Tertiary Lymphoid Structures Generation through Graph-based Diffusion
This work addresses the need for accurate modeling of complex biomedical data in oncology research, though it appears incremental as it applies existing graph diffusion methods to a new domain.
The paper tackled the problem of generating biologically meaningful cell-graphs to capture distributions of tertiary lymphoid structures (TLS), a cancer biomarker, using graph-based diffusion models, and demonstrated utility in data augmentation for TLS classification.
Graph-based representation approaches have been proven to be successful in the analysis of biomedical data, due to their capability of capturing intricate dependencies between biological entities, such as the spatial organization of different cell types in a tumor tissue.
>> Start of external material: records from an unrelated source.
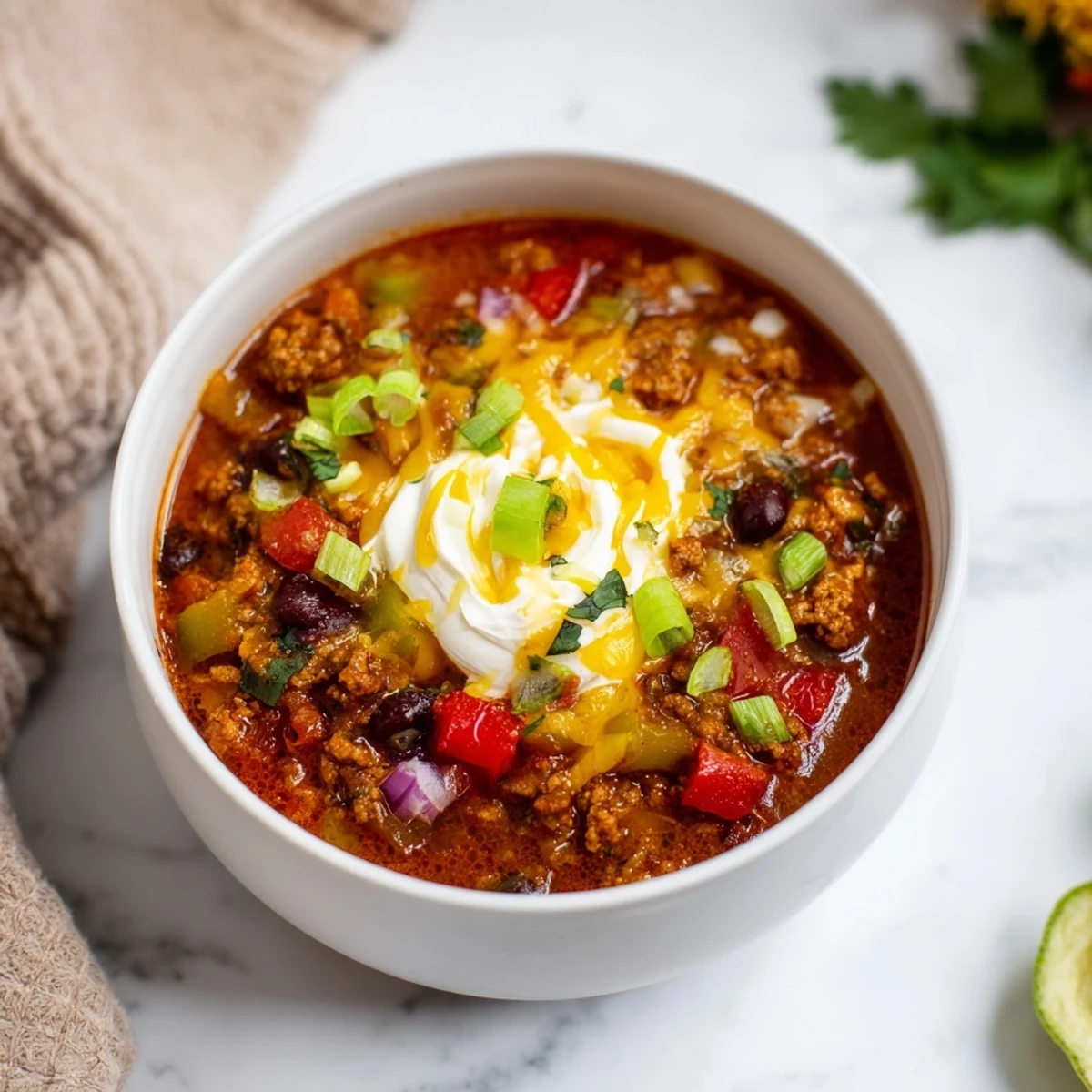A steaming bowl of Winter Warming Chili con Carne, with rich brown beef and colorful peppers.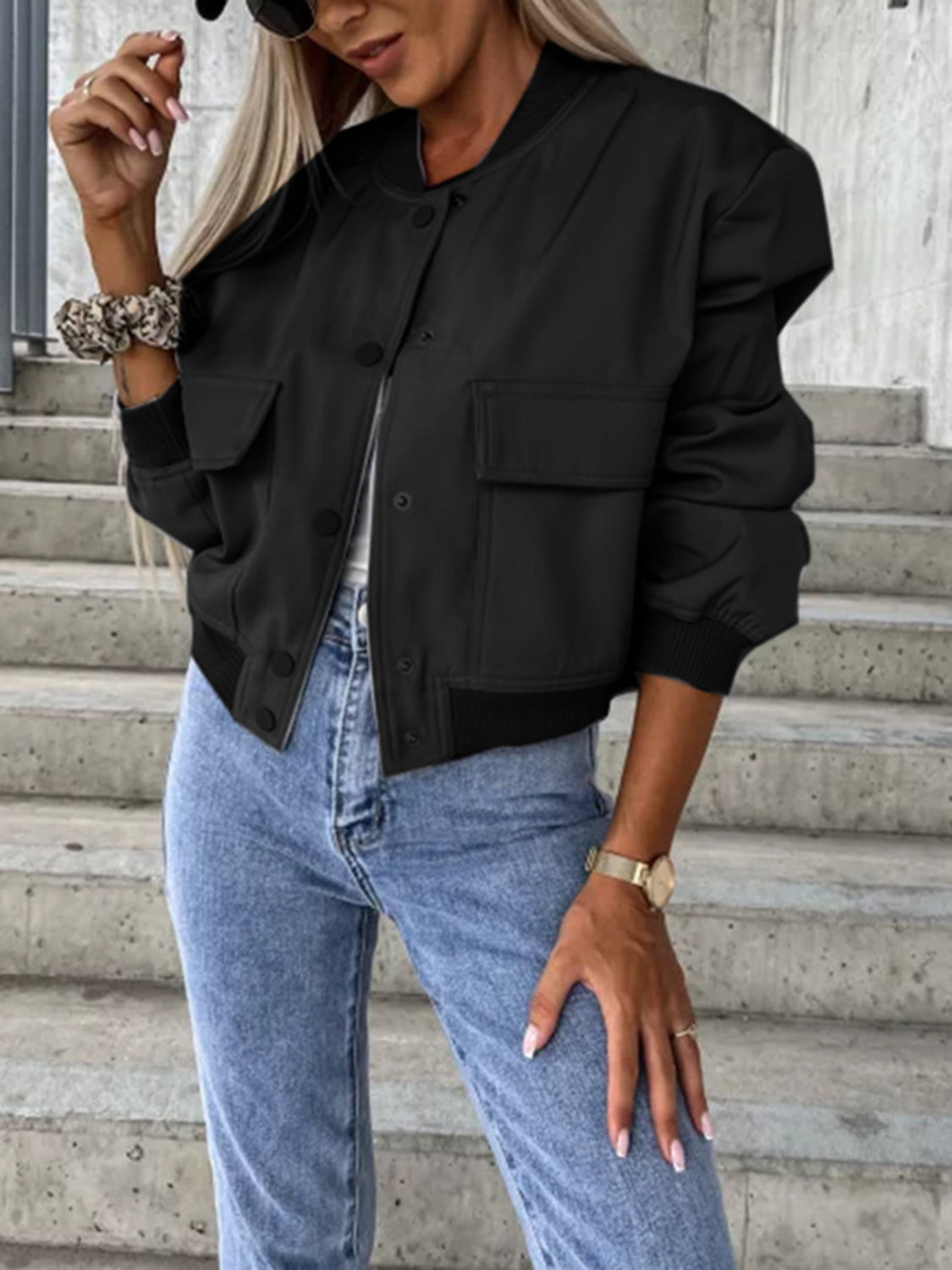Baseball Collar Dropped Shoulder Jacket - Charming Charlie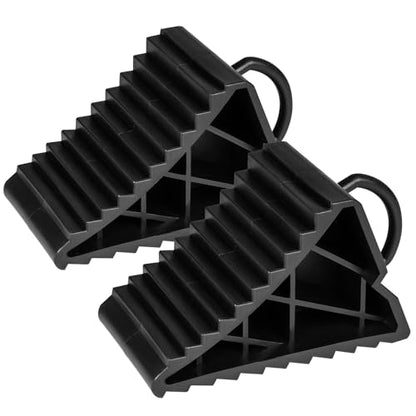 Taifa Wheel Chocks for Travel Trailers, RV Wheel Stoppers Tire Chock with Portable Handle for Camper Cars Trucks etc., Black, 2Packs - color: 461-2 packs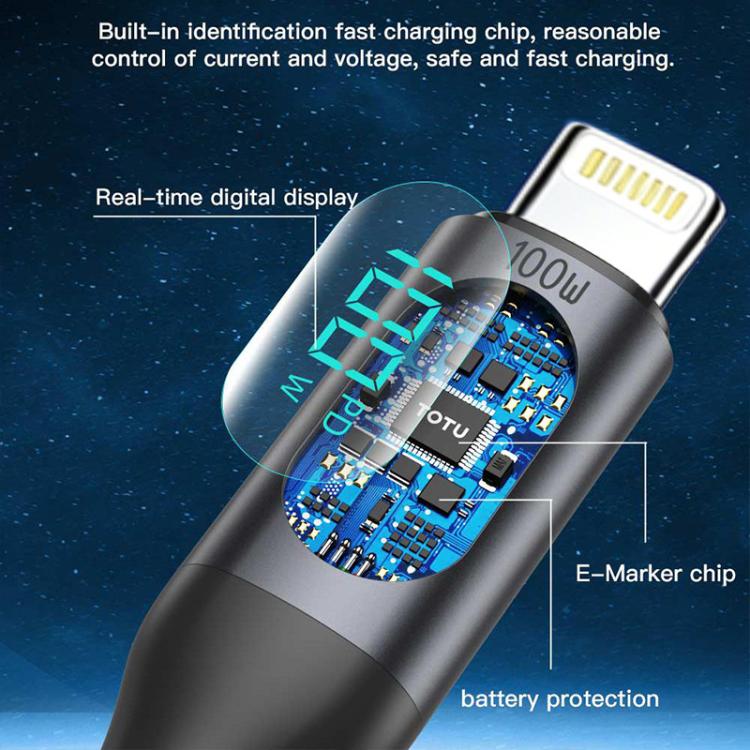 TOTU CB-7-PD-B 27W Type-C to 8 Pin Digital Display Braided Fast Charging Data Cable, Length:1m - Grey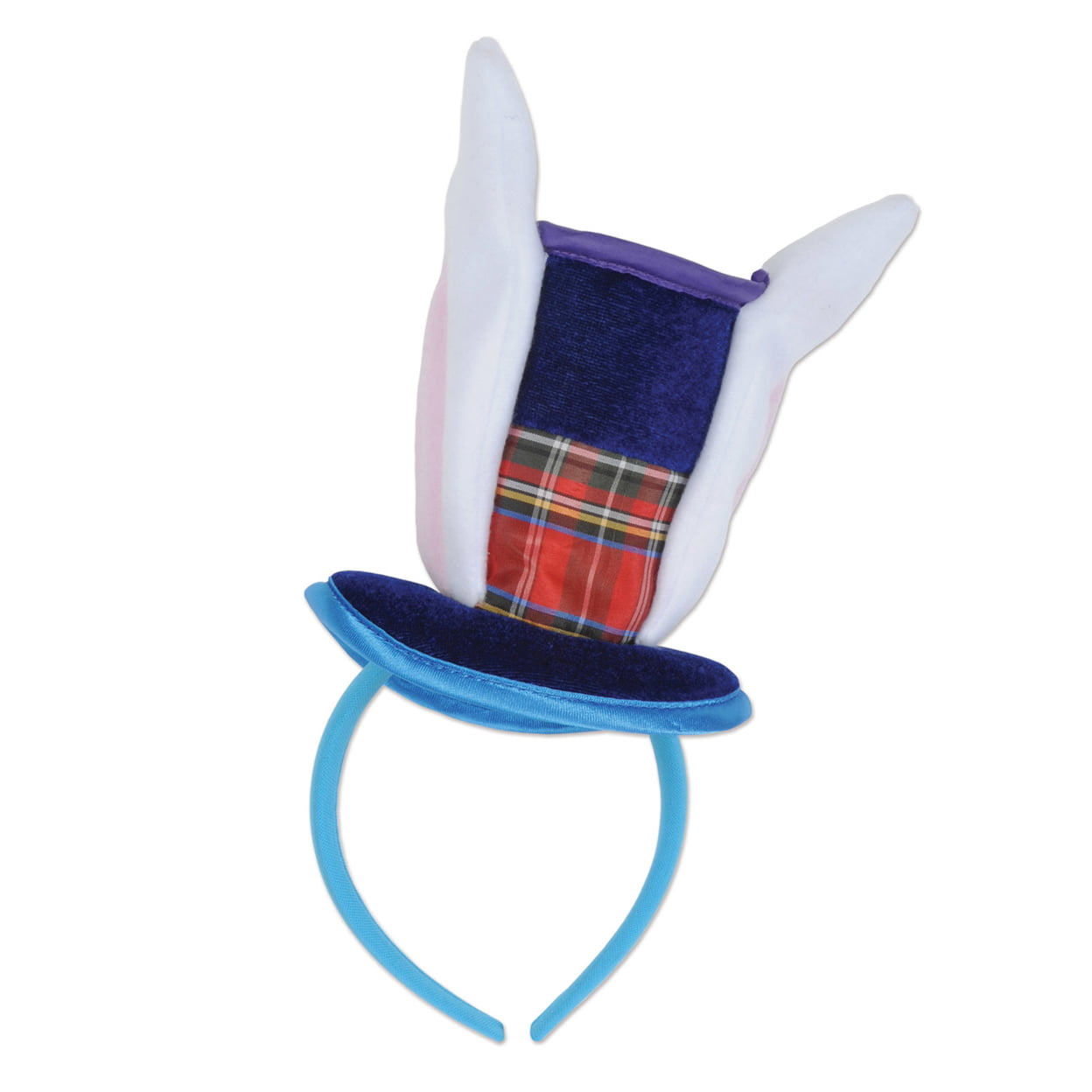 BEISTLE CO Beistle 60019 Bunny Top Hat & Ears Headband, Blue & White - Pack of 12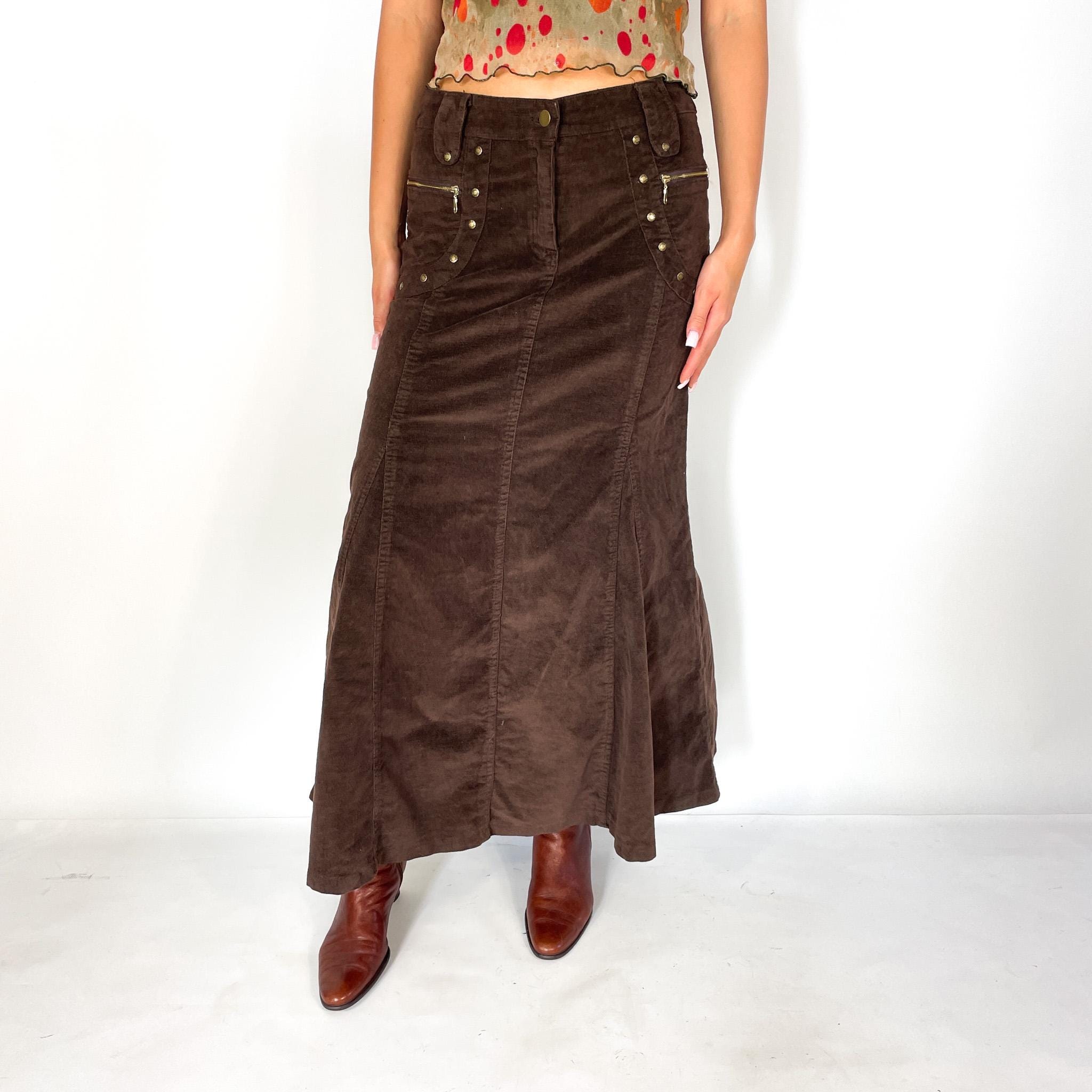 brown corduroy skirt with elastic waist band 2045 brown corduroy skirt with elastic waist band 2045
However, to further enhance our understanding of the underlying governing biological mechanisms, it is important to accurately capture the actual distributions of such complex data. Graph-based deep generative models are specifically tailored to accomplish that. In this work, we leverage state-of-the-art graph-based diffusion models to generate biologically meaningful cell-graphs. In particular, we show that the adopted graph diffusion model is able to accurately learn the distribution of cells in terms of their tertiary lymphoid structures (TLS) content, a well-established biomarker for evaluating the cancer progression in oncology research. Additionally, we further illustrate the utility of the learned generative models for data augmentation in a TLS classification task. To the best of our knowledge, this is the first work that leverages the power of graph diffusion models in generating meaningful biological cell structures.